Kwadwo Okyere Mpiani is a Ghanaian financial advisor, management consultant and politician. He served as chief of staff and minister of presidential affairs in the John Kufuor Administration. He also served a member of parliament representing Mampong South in the Ashanti Region in the 3rd Republic of Ghana from 1979 to 1981. He is a member of the New Patriotic Party.

== Early life and education ==
Mpiani attended Prempeh College in Kumasi between February 1955 and December 1961 where he had his secondary school education. He later attended the University of Ghana from October 1963 to June 1966 and graduated with a Bachelor in Administration in 1966.

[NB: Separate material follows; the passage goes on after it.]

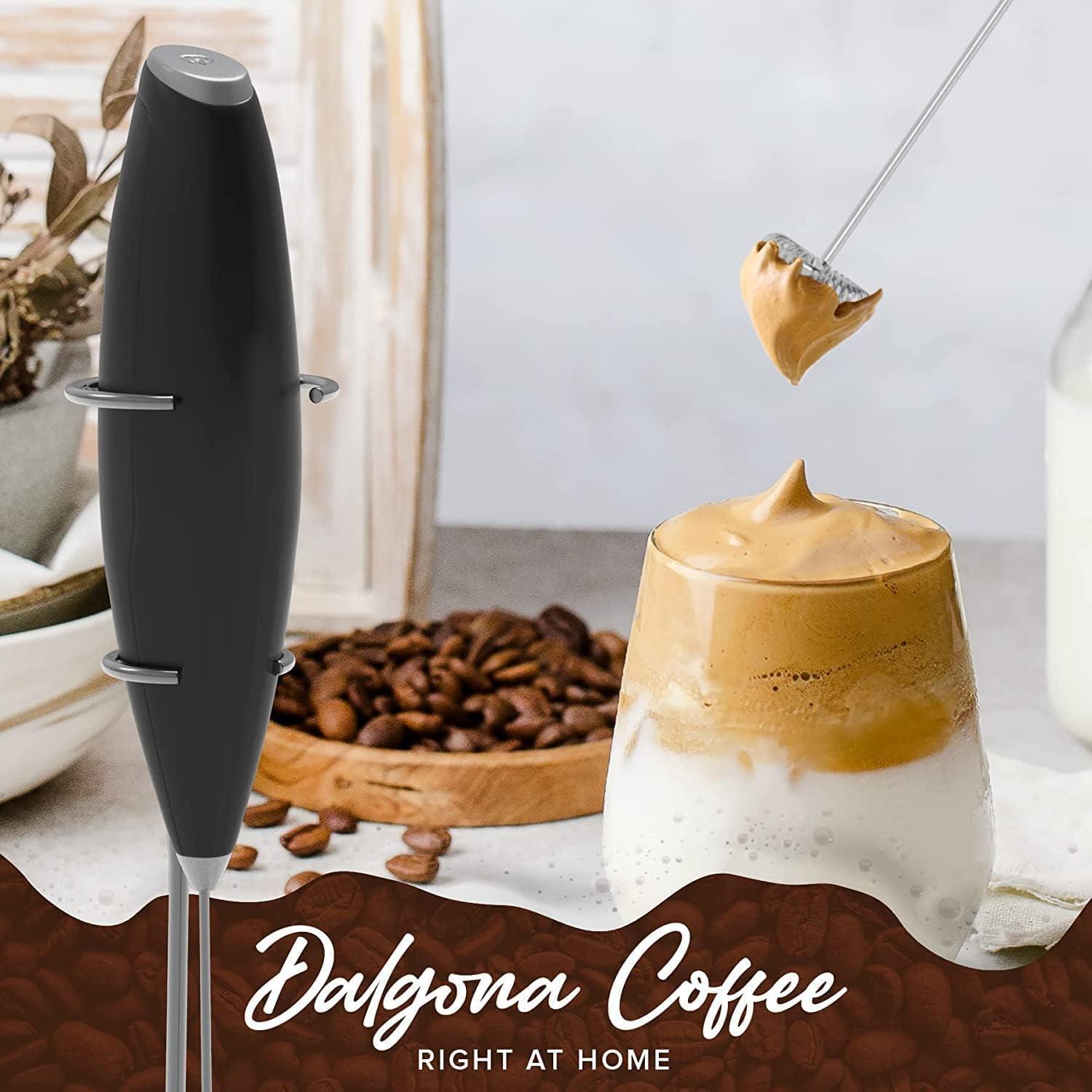 Batidor de Leche Portátil Nikah's Housepie Acero Inoxidable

Mpiani also attended the Arthur D. Little Institute for Economics from September 1968 to July 1969,

== Career ==
Mpiani worked for the Capital Investment Corporation which is now Ghana Investment Promotion Centre (GIPC) and later at the National Investment Bank. By 1974, he had been promoted to serve as head of the National Investment Bank's investment development department. In 1978 he became Bank's managing director.

He is a board member of the John Agyekum Kufuor Foundation (JAK), a foundation set up by John Agyekum Kufour to promote leadership through a scholars programme, governance though public lectures and advocacy and also ensuring sustainable development and growth through empowerment, advocacy and partnerships with other companies.

== Political career ==

Between 1979 and 1981 Mpiani served as a member of the Ghanaian parliament in the only parliament in the 3rd Republic with Hilla Limann as president. During this period he was an active member of Finance Committee and the Economic Committee of parliament.

After the military coup of December 31, 1981 by Jerry Rawlings, Mpiani went into political exile, first in the Ivory Coast and later in Great Britain. He returned to Ghana only after the end of the military dictatorship in 1992 under the then elected President Jerry Rawlings.

From 2005 to 2009, Mpiani served as Minister for President's Affairs and Chief of Staff of the Presidency of President John Agyekum Kufuor. He had oversight of the aviation sector from 2005 to 2006. In April 2006, a whole ministry was created and Gloria Akuffo was appointed Minister of Aviation whilst Mpiani remained Minister for President's Affairs and Chief of Staff.